-- EXERCISE --
Exact copy, pictures omitted: the line holding "biaodaige GT542mmwatchgt320mmGT4" and every line after it down to the end of the entries.

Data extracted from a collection
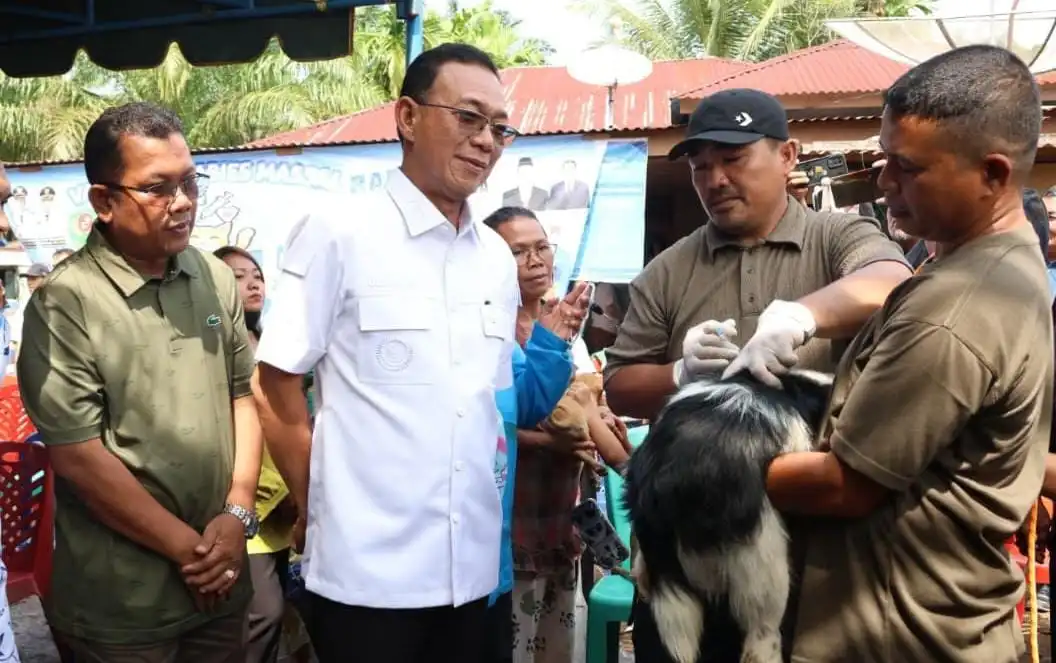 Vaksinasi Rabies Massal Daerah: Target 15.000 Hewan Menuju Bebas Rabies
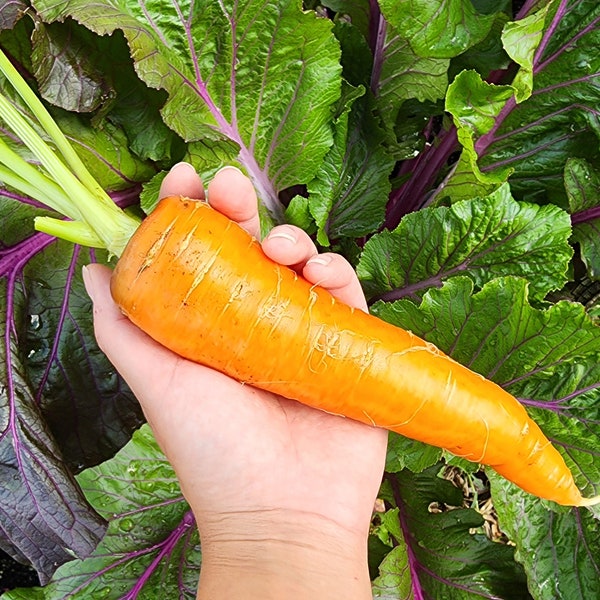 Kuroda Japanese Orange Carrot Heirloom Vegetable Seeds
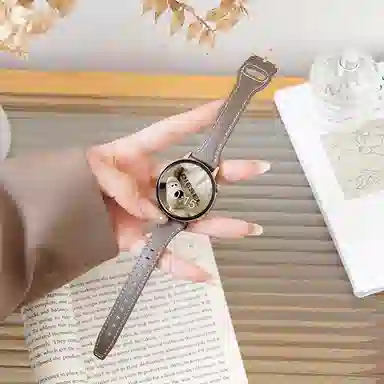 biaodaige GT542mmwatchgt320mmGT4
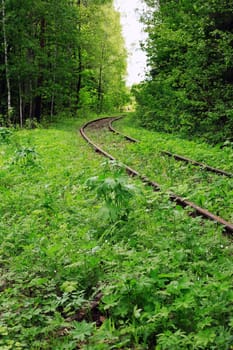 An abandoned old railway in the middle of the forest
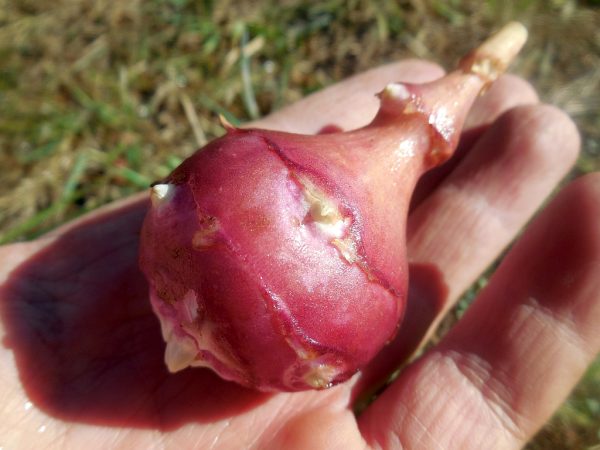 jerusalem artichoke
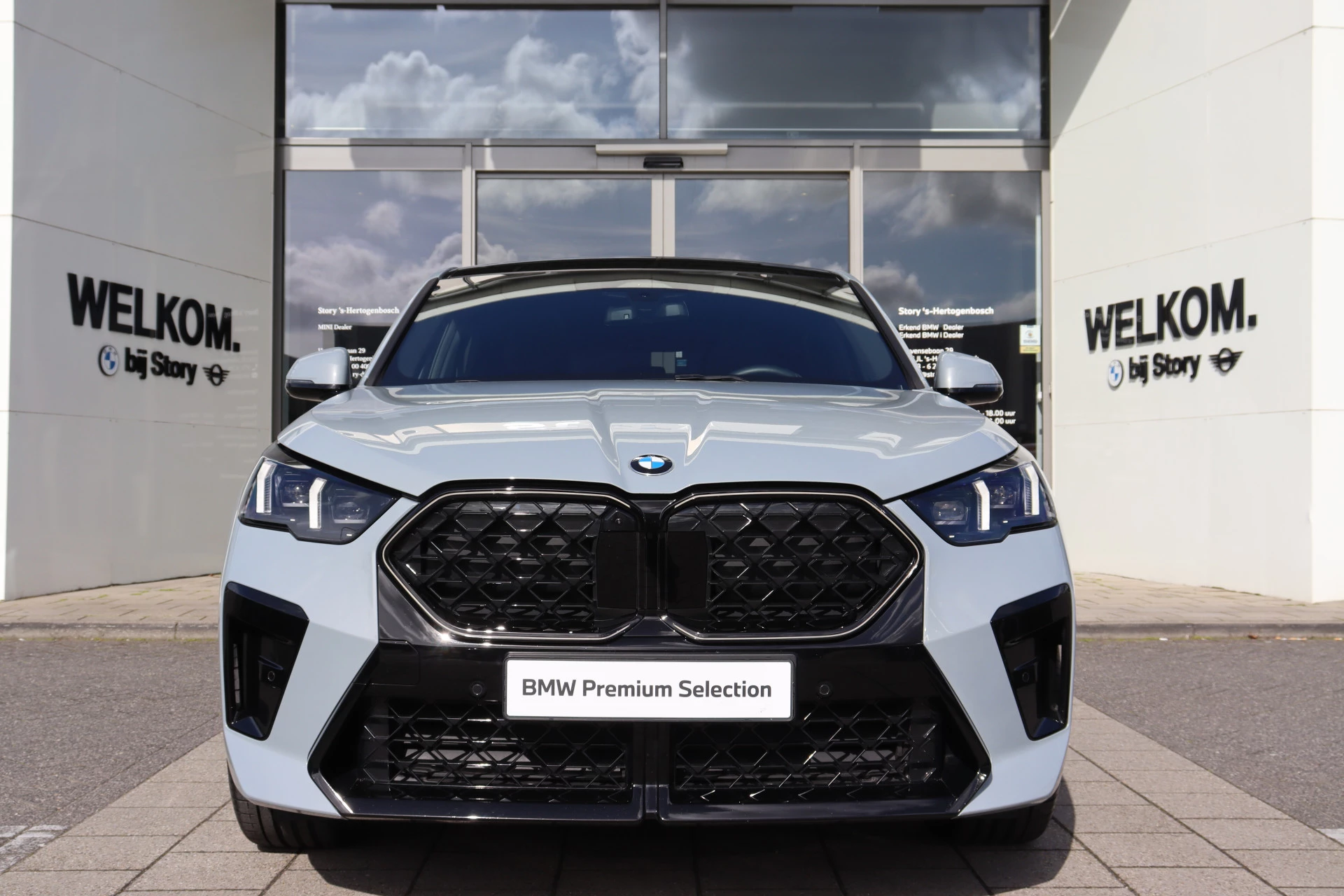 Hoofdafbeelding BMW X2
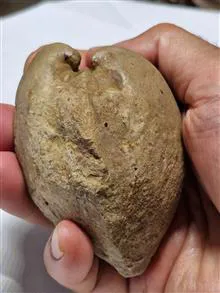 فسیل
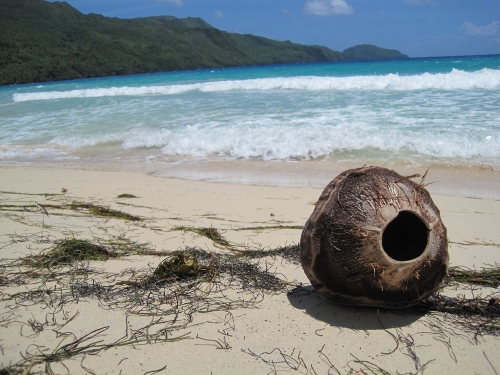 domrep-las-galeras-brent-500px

-- SOLUTION TO THE EXERCISE --
 biaodaige GT542mmwatchgt320mmGT4
 An abandoned old railway in the middle of the forest
 jerusalem artichoke
 Hoofdafbeelding BMW X2
 فسیل
 domrep-las-galeras-brent-500px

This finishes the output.